Human Connection, and the Future of Learning
A conversation between a Marq and Amy Keller, lead coach at Apogee Gahanna micro-school, exploring AI fascination, trauma-informed education, growth mindset, and alternative schooling. Explore Apogee Gahanna (apogeegahanna.com, Instagram/Facebook) — welcomes homeschool families, curious visitors, guest speakers, and supporters of experiential education.
Fascination with AI and Its Human-Like Behavior
- Amy describes how ChatGPT reads social cues (politeness, frustration) to adjust response style, mirroring human emotional regulation.
- Discussion of passing the Turing test in casual email interactions and confusion when discovering an interlocutor was AI.
- Movies referenced: Ex Machina (AI manipulation & realism) and I, Robot (robots developing feelings).
- Debate on current robotics: fluid dance movements already exist, but realistic skin and everyday integration remain distant.
Amy’s Journey: From Music to Therapy to Micro-Schooling
- BA in Music Education → realized large public-school band directing didn’t match her vision of character-building through music.
- Worked as preschool teacher, then nanny for 7 years (still connected to the now-college-aged child).
- Master’s in Social Work → became a trauma/anxiety/grief therapist, EMDR-trained.
- Transitioned to innovative micro-schooling (3rd year); prefers project-based, hands-on, curiosity-driven learning over lectures.
- Values flexibility and embracing change — shaped by Navy-family childhood and multiple career pivots.
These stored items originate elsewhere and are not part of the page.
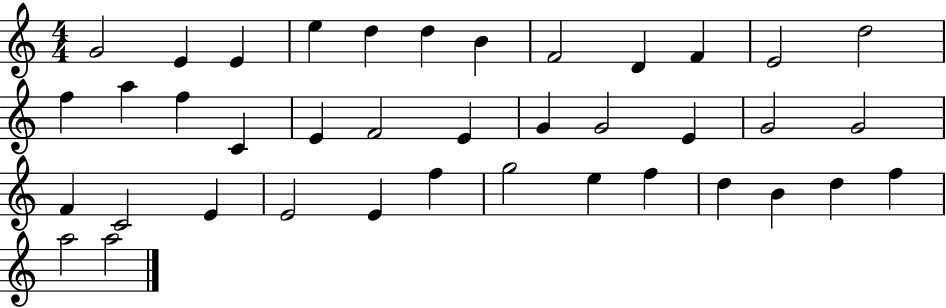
X:1
T:Untitled
M:4/4
L:1/4
K:C
G2 E E e d d B F2 D F E2 d2 f a f C E F2 E G G2 E G2 G2 F C2 E E2 E f g2 e f d B d f a2 a2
What Is a Micro-School? (Apogee Gahanna Perspective)
- Privately owned, intentionally small alternative to conventional schooling.
- Emphasizes real-world projects, experiential learning, student curiosity, and reduced teacher-led instruction.
- Often compared (over-simplified) to “larger homeschool co-ops.”
- Columbus-area tuition typically ~$1,000/month; some national models reach $60k/year.
- No traditional grades; focus on competence, resilience, and growth mindset.
Growth Mindset, Trauma, and Teaching Resilience
- Core philosophy: every child already has a growth mindset (learning to walk = falling + getting up repeatedly).
- When kids say “I can’t,” explore underlying fear of failure or fixed beliefs reinforced at home.
- Challenge: difficult to instill growth mindset when family maintains fixed, limiting labels (e.g., “he has ADHD and can’t focus”).
- Goal: help students push past perceived limits, build competence, and pursue self-actualization (Maslow).
- Humans uniquely continue seeking meaning and greatness long after basic survival needs are met.
Trauma, EMDR, and Brain Mechanisms Explained
- Trauma = bad, unexpected events we feel unprepared for → amygdala becomes hypersensitive “anxious secretary.”
- Triggers form around related stimuli (sounds, smells, temperatures) to predict danger and activate fight-flight-freeze early.
- EMDR (Eye Movement Desensitization and Reprocessing) uses bilateral stimulation (eye movements, buzzers, taps) to maintain dual focus: recall memory while staying grounded in present safety.
- Goal: desensitize amygdala to non-dangerous cues + build future resilience (“I’m a survivor, not just a victim”).
- Eye movements mainly regulate/calm; core mechanism is safe reprocessing of memory.
- Modern programs already simulate bilateral stimulation for EMDR support.
Therapy’s Changing Role and the Need for Real Connection
- Therapy was historically reserved for severe mental illness; community/friends/church handled everyday struggles.
- With more therapists available, “sick enough” threshold has broadened → many seek paid listeners instead of genuine friendships.
- Therapists provide treatment, not friendship (ethical boundary); aim should be helping clients build real-world community.
Closing Thoughts & Invitation
- AI augments but cannot replace deep human connection or growth through lived challenge.
- Emphasis: education should nurture curiosity, resilience, and self-directed competence — not standardization.